En 2020, nouvelle aventure pour Florence Batisse-Pichet. Pour créer un nouveau prix, elle s’acoquine avec un acteur peu banal de la scène littéraire : Cogedim club, filiale du groupe Altarea, une entreprise qui gère des résidences seniors.
« J’ai trouvé cela intéressant car ils avaient une approche extrêmement cohérente. Ils avaient mis en place une politique interne de défense de la lecture auprès des seniors avec l’organisation de clubs de lecture. Cela faisait sens que l'on m'appelle pour prolonger cet engagement par un prix littéraire », se réjouit Florence Batisse-Pichet.

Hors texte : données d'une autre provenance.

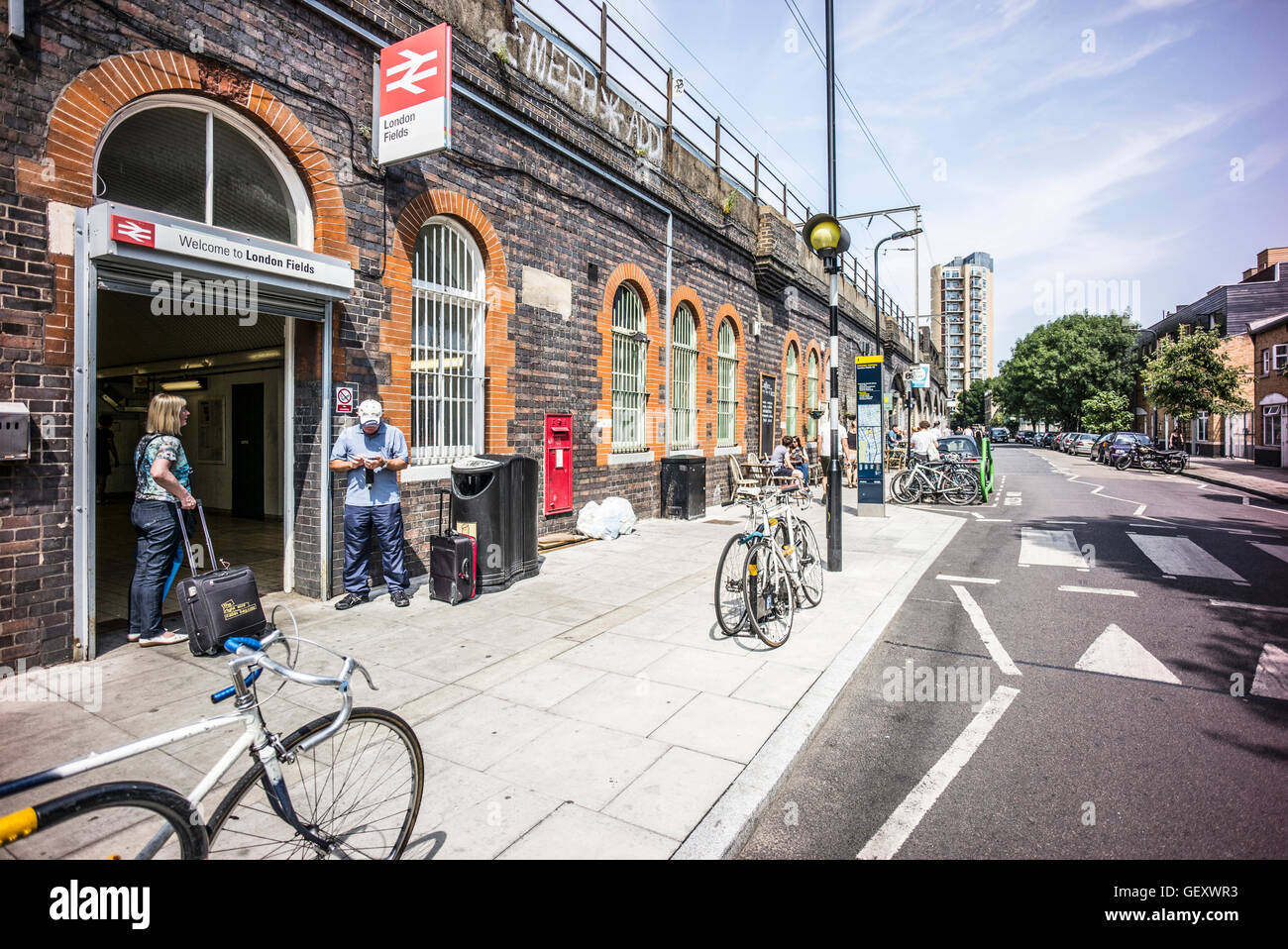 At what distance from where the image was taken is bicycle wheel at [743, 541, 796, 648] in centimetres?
541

Prix du Livre de Cogedim Club pour impliquer les résidents seniors
Le prix du Livre de Cogedim Club voit le jour avec une mécanique particulière : d’octobre à mai, chaque club de lecture des 29 résidences senior lit six œuvres littéraires abordant le thème de la famille et de la transmission. Ils en sélectionnent trois qui sont ensuite lus par les membres du jury de personnalités présidé par l’actrice Brigitte Fossey. Le nom du vainqueur est finalement annoncé lors d’une cérémonie organisée en septembre. Cette année, la lauréate est Marie Charrel pour son roman Les mangeurs de nuit (Les éditions de l’Observatoire).
Avec le prix littéraire, l'enjeu premier est interne. »
« Le prix littéraire est un bel outil de relation publique et de valorisation de marque », estime Cécilia Ribeyre, responsable marketing chez Cogedim Club et chargée du prix depuis sa création. « Mais l’enjeu est en premier lieu interne. On mise sur la lecture pour proposer un programme à nos seniors qui soit différenciant. »
Des prix en cohérence avec l’activité de l’entreprise
Florence Batisse-Pichet le martèle : le prix doit être en cohérence avec l’activité de l’entreprise qui le crée, être adapté à ses enjeux propres et s’inscrire dans une action plus globale : « L’entreprise peut créer un prix parce qu'elle agit déjà dans le secteur du livre ou de la culture ou par exemple pour impliquer les collaborateurs et les clients. »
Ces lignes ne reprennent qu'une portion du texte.